Professor Dennis Deletante
Probably. Possibly. That's possibly. I think it's the fact that like Mr. Mogariani said, he trusted me. So he felt that I was a balanced observer and someone who was critical. He knew I was critical, of course, as a communist regime, and we joked about that. But he regarded me as a constructive critic, not a negative critic. And not only he, but several other senior figures in the communist regime whom I was able to interview, including Mr. President Iliescu and Petre Roman and Bru Kahn, and a whole list of them, General Stunkulescu. I mentioned them in the memoir, but several of them said to me it was very, of course, gratifying for me to hear them say that. Similar things that they regarded me as very objective and as a true friend of Romania. And they stress Romania not necessarily of Neo Communism, but a true friend of Romania.
Roland Clark
In the book you talk about the trauma of reading one's own Securitate file because you find out about people you thought were friends who informed on you and you see how ordinary things that you did were misinterpreted. So eventually you did get a chance to see your own Securitate file. What was the most exciting thing or surprising thing you found in there?

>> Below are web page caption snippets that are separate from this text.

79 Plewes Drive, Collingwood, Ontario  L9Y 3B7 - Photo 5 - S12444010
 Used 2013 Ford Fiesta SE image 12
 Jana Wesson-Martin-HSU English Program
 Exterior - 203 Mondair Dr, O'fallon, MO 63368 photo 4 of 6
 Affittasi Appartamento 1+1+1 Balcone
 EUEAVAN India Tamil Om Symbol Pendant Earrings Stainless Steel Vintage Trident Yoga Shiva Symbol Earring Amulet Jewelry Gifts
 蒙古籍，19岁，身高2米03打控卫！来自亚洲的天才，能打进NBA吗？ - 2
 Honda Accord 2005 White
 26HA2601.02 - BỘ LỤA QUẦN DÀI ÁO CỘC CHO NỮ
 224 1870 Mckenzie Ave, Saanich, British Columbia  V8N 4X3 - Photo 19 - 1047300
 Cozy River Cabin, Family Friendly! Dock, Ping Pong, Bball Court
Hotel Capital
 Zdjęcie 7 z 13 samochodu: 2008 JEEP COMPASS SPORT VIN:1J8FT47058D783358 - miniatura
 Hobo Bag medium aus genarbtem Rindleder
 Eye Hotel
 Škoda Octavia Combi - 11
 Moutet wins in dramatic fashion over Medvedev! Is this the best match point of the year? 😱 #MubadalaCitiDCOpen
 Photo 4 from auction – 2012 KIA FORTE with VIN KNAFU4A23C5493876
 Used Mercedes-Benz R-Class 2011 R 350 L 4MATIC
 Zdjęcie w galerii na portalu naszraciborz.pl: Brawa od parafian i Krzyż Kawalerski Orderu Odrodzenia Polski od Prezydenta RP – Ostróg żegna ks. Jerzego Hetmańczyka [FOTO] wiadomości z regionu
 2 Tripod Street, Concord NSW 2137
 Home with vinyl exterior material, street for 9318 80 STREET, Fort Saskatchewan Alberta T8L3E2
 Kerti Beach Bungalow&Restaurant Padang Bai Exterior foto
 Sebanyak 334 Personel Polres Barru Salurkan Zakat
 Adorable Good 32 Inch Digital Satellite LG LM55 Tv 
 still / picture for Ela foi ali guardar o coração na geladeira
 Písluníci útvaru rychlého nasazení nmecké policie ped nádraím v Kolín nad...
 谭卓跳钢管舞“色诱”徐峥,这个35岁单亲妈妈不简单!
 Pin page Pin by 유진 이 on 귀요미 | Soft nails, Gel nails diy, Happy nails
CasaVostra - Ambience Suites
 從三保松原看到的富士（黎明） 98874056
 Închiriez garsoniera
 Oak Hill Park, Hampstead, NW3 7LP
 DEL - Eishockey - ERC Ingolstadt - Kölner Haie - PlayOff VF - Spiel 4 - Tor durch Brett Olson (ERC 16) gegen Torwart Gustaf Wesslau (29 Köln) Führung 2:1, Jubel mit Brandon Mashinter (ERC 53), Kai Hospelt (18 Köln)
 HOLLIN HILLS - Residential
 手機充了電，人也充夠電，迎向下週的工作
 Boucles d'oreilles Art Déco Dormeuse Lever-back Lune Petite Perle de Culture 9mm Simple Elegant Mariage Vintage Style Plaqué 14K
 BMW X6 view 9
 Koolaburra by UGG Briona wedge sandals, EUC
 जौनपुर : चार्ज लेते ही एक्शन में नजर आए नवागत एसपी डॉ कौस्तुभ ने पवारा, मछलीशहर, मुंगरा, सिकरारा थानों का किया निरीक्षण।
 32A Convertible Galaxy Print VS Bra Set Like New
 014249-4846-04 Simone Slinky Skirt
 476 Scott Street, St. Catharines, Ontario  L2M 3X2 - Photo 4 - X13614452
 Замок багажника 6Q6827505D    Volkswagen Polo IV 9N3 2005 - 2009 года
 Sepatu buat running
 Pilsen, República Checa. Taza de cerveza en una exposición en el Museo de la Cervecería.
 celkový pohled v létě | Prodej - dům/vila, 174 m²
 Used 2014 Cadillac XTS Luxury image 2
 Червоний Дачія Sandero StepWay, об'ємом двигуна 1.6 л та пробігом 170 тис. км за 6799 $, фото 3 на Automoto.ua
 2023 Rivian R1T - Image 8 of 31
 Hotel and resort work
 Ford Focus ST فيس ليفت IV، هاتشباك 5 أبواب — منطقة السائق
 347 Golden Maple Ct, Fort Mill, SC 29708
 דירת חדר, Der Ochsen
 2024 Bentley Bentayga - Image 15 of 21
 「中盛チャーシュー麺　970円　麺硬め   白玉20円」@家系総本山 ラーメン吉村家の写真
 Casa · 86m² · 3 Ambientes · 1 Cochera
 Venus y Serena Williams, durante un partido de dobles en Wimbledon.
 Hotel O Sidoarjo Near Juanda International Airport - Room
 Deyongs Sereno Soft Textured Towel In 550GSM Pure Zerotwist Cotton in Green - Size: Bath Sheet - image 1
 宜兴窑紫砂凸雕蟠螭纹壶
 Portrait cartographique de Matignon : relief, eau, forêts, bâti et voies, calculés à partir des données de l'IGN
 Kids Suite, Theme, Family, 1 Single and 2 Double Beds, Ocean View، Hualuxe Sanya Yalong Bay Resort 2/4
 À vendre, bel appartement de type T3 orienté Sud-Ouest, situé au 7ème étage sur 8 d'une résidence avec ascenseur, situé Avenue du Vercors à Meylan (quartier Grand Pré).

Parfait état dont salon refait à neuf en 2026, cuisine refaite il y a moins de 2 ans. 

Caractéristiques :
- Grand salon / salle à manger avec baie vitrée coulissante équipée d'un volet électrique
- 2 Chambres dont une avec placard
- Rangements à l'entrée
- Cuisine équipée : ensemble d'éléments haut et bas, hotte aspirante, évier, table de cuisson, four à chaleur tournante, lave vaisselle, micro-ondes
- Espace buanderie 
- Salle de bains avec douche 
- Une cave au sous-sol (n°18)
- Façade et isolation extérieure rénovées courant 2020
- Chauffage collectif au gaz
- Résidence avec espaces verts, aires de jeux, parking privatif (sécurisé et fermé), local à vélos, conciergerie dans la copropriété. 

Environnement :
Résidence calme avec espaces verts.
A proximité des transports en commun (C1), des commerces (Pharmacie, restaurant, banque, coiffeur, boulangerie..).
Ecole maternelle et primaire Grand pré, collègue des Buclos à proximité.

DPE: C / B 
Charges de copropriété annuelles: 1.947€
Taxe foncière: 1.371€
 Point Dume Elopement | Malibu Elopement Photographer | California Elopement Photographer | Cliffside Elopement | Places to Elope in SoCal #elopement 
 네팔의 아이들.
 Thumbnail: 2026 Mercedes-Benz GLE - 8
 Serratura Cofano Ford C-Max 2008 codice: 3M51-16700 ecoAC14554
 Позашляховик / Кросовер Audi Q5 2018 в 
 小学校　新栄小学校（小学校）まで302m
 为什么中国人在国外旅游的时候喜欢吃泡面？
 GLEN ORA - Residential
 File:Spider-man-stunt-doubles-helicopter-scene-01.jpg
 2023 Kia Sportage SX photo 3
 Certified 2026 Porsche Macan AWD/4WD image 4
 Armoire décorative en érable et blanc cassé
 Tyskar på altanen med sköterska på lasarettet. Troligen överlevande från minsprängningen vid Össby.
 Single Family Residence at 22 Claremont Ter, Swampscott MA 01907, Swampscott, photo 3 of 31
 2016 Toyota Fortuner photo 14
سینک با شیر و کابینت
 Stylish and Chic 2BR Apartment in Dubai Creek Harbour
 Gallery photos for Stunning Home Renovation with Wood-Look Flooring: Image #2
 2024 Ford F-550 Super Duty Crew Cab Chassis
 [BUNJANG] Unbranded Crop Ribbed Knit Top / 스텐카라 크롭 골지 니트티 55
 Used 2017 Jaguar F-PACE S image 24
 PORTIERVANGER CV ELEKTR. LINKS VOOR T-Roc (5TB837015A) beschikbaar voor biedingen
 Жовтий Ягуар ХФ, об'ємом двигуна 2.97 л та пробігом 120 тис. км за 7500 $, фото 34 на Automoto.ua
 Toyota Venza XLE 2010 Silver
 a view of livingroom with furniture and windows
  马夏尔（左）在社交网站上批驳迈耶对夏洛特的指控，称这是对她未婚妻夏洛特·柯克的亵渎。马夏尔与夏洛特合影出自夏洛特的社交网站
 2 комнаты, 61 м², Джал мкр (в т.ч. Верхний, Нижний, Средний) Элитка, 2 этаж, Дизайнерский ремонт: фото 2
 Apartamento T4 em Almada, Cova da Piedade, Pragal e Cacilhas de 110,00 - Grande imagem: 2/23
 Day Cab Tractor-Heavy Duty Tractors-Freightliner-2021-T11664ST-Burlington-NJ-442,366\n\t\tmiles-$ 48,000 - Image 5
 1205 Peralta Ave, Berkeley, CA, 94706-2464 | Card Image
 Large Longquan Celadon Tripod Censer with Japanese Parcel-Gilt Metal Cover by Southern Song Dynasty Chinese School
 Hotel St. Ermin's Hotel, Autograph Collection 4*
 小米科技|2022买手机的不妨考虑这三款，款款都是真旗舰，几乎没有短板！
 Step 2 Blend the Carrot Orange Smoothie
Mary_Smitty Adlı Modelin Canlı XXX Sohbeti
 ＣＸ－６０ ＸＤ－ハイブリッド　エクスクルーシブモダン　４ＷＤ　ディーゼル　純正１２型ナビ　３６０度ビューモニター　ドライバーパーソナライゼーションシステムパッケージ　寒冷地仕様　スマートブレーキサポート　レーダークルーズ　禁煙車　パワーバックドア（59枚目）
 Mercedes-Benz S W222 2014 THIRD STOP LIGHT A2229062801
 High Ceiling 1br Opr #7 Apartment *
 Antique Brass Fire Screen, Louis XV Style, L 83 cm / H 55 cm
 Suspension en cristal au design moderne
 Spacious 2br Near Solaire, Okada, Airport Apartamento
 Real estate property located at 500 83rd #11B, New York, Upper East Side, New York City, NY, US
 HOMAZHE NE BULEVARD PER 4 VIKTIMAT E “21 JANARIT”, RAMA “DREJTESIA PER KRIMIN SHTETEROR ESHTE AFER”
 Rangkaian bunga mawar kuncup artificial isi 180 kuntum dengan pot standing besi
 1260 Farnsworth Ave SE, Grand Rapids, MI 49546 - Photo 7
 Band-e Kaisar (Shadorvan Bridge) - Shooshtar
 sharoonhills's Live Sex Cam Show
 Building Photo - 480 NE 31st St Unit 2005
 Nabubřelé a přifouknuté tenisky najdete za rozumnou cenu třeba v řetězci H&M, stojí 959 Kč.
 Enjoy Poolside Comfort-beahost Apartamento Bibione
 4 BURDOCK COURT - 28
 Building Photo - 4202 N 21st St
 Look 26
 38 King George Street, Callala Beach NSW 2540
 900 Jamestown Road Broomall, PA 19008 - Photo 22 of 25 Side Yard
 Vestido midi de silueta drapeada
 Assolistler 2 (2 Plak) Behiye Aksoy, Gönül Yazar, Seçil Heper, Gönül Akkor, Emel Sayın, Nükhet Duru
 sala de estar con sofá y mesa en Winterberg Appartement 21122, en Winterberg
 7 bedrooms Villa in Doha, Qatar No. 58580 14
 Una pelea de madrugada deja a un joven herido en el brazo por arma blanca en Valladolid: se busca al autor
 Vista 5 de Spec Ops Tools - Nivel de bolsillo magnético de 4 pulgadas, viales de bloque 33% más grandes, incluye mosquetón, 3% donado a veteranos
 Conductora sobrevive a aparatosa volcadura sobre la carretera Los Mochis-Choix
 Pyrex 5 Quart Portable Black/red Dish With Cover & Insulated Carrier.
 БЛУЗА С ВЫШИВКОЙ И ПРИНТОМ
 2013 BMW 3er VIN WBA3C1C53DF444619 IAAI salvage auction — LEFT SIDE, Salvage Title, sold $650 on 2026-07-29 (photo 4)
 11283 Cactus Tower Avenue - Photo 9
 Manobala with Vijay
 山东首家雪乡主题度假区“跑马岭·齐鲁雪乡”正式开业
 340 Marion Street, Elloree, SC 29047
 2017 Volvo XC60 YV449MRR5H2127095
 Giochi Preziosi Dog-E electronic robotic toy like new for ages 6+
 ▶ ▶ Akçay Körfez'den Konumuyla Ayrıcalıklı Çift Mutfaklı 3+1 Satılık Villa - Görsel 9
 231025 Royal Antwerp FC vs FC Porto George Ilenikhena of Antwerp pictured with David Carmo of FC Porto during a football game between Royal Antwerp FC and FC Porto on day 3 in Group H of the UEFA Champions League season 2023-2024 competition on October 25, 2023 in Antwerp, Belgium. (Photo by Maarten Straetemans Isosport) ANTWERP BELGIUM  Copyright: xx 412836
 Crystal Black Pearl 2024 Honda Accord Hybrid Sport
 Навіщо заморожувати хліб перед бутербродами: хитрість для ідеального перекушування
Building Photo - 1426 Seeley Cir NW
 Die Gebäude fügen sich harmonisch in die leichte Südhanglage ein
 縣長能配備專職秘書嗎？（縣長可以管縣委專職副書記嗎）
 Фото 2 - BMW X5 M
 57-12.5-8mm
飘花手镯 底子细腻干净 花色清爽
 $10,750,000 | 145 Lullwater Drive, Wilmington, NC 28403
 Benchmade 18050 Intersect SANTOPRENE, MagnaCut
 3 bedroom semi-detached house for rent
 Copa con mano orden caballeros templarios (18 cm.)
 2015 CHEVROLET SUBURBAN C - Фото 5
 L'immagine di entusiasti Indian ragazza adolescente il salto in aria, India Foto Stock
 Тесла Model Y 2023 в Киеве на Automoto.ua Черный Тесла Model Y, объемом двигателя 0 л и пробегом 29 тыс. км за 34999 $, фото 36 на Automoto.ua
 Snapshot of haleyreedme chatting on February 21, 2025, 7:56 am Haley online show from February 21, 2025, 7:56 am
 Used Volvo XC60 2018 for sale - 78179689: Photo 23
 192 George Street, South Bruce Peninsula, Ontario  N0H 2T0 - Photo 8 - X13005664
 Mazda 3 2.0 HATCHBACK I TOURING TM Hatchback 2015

Professor Dennis Deletante
The most surprising thing was the fact that under the cultural agreement between Britain and Romania, the two countries exchanged language lectors. So the British, depending on the period we're talking about, sent up to three English language teachers to Romanian universities, and in return, the Romanians sent one Romanian lector. So a native speaker, a teacher from a Romanian university who could help with the teaching of Romanian. And Romanian was taught principally at the School of Slavonic and East European Studies, where I was but one day a week, the lector went up to Cambridge to teach a class, a couple of classes on Romania, on the Romanian language there. And what, in a way surprised me rather pleasantly in my file was the fact that all of these lectors, who were required under the terms of their appointment by the Romanian side, because they had to be vetted by the Securitate, they were obliged to write reports about the institutions that they were assigned to by the British or the French or the Americans or the Germans, as the case may be. But in my case, nearly all of them wrote in a very dispassionate and positive way about the cooperation that I had with them regarding the teaching of Romanian language and literature. And I felt this was said a great deal about the character of these people, given the fact that they were living under. Working under these ideological constraints.
Roland Clark
That's very interesting. Just moving on to your book about Hitler's forgotten ally, which really challenged the way that most people think about the Antonesco regime. You started working on the Holocaust in Romania during your fellowship at the United States Holocaust Memorial Museum in Washington in the year 2000. And back in 2000, very little had been written on the on the Holocaust in Romania, which was before the early Weisel Commission's report came out, and the same year that Radu Iwanid's book on the Holocaust in Romania was published. Were you shocked when you started looking into the details of this story?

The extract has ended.